Bertempat di Koarmada II Surabaya, Sabtu (07/03), Jam Komandan ini digelar untuk memastikan seluruh prajurit memiliki kesiapan mental dan teknis yang prima sebelum kapal bertolak menuju galangan di Batam dalam waktu dekat.
Fokus utama dalam pengarahan tersebut adalah pengecekan menyeluruh terhadap kondisi teknis kapal.
Kolonel Marvill menegaskan bahwa kelancaran proses docking sangat bergantung pada akurasi data teknis yang disiapkan oleh para pengawak.
Ia menginstruksikan agar seluruh komponen kapal diperiksa tanpa celah, guna mendukung efektivitas perbaikan yang akan dilakukan di fasilitas pemeliharaan nantinya.
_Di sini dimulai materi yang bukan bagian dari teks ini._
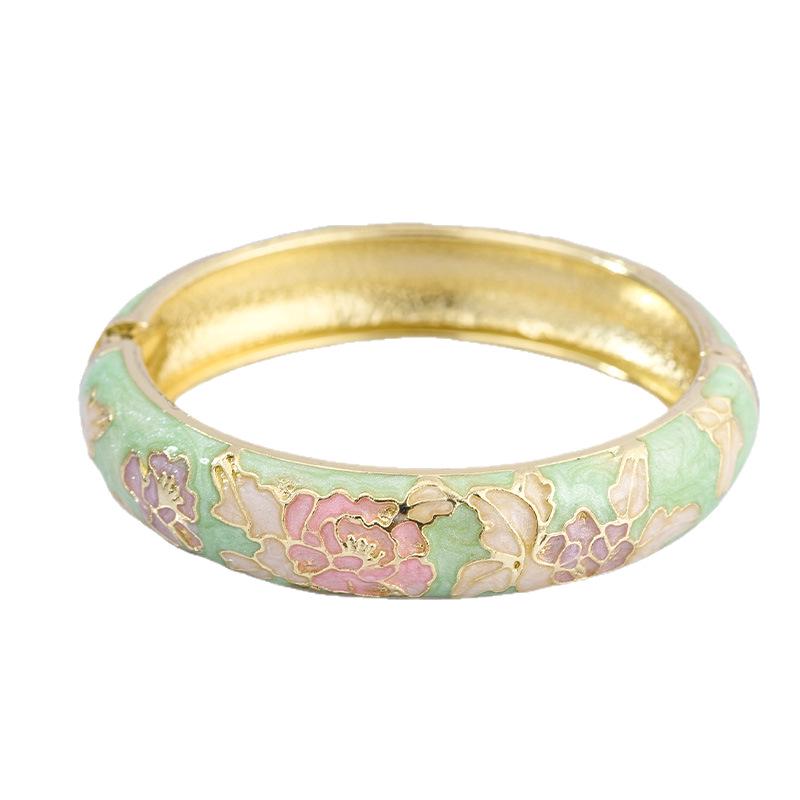 Cloisonné Pfingstrosenblüte Mode Armband - Perfektes Souvenir Geschenk für Freundin oder Mama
Selain aspek teknis, isu kesejahteraan dan hari raya juga menjadi bahasan penting. Mengingat jadwal keberangkatan kapal ke Batam bertepatan dengan momentum Idulfitri, Dansatrol mengingatkan prajurit untuk senantiasa siap siaga meskipun waktu libur lebaran berpotensi tersita demi tugas negara.
Prajurit diminta menjaga perilaku dan menghindari pelanggaran hukum maupun disiplin yang dapat merugikan reputasi pribadi maupun citra TNI Angkatan Laut.
Dalam upaya menjaga kondusivitas internal, Kolonel Marvill menitikberatkan pada peran kepemimpinan di tingkat bawah.
Dansatrol meminta para senior di KRI Pandrong-801 untuk tidak bosan memberikan bimbingan dan pengawasan ketat kepada para junior.
Sinergi antara seluruh jenjang kepangkatan dalam mendukung instruksi Komandan KRI dianggap sebagai pondasi utama keberhasilan misi pemeliharaan alutsista ini.
Agenda kunjungan tersebut ditutup dengan harapan besar agar KRI Pandrong-801 segera kembali ke kondisi tempur terbaiknya.
Dansatrol optimis, dengan dedikasi tinggi dari seluruh personel, proses docking akan terlaksana tepat waktu.
Kembalinya kapal ini ke medan operasi sangat dinantikan guna memperkuat jajaran Satrol Kodaeral VIII dalam menjalankan tugas-tugas strategis di wilayah perairan nasional. (Kiti)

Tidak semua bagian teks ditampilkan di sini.